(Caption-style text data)

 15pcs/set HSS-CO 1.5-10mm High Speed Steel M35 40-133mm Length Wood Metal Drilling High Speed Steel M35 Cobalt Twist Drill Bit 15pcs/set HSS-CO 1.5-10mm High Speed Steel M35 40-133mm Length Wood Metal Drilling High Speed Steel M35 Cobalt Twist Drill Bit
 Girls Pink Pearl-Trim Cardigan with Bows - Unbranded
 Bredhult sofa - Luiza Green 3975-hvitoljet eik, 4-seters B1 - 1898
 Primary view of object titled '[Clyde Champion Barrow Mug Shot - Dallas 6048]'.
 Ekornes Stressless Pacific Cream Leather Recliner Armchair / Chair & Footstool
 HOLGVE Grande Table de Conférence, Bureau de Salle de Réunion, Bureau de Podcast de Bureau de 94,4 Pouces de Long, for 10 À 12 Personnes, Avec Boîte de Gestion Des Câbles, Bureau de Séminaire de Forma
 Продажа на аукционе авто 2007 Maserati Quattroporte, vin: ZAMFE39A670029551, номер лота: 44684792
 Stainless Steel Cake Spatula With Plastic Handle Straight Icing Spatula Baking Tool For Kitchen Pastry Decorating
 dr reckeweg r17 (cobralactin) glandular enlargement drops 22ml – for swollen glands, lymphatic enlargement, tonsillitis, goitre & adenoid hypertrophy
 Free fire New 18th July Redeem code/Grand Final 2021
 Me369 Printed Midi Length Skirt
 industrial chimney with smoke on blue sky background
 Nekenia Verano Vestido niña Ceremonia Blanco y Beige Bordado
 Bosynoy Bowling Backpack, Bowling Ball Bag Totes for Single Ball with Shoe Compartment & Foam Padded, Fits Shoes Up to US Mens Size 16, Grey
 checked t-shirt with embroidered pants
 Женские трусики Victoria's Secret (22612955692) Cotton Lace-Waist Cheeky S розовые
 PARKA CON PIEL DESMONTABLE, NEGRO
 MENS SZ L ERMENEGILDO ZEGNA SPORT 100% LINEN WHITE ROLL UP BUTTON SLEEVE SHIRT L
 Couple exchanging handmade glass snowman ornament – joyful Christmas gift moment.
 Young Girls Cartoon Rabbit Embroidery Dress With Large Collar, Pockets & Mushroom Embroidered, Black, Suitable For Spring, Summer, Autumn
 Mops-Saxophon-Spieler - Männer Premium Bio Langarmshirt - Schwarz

> Problem description:
When the word "Steel" shows up in a line of the entries, pull that line out.

> Result below:
 15pcs/set HSS-CO 1.5-10mm High Speed Steel M35 40-133mm Length Wood Metal Drilling High Speed Steel M35 Cobalt Twist Drill Bit 15pcs/set HSS-CO 1.5-10mm High Speed Steel M35 40-133mm Length Wood Metal Drilling High Speed Steel M35 Cobalt Twist Drill Bit
 Stainless Steel Cake Spatula With Plastic Handle Straight Icing Spatula Baking Tool For Kitchen Pastry Decorating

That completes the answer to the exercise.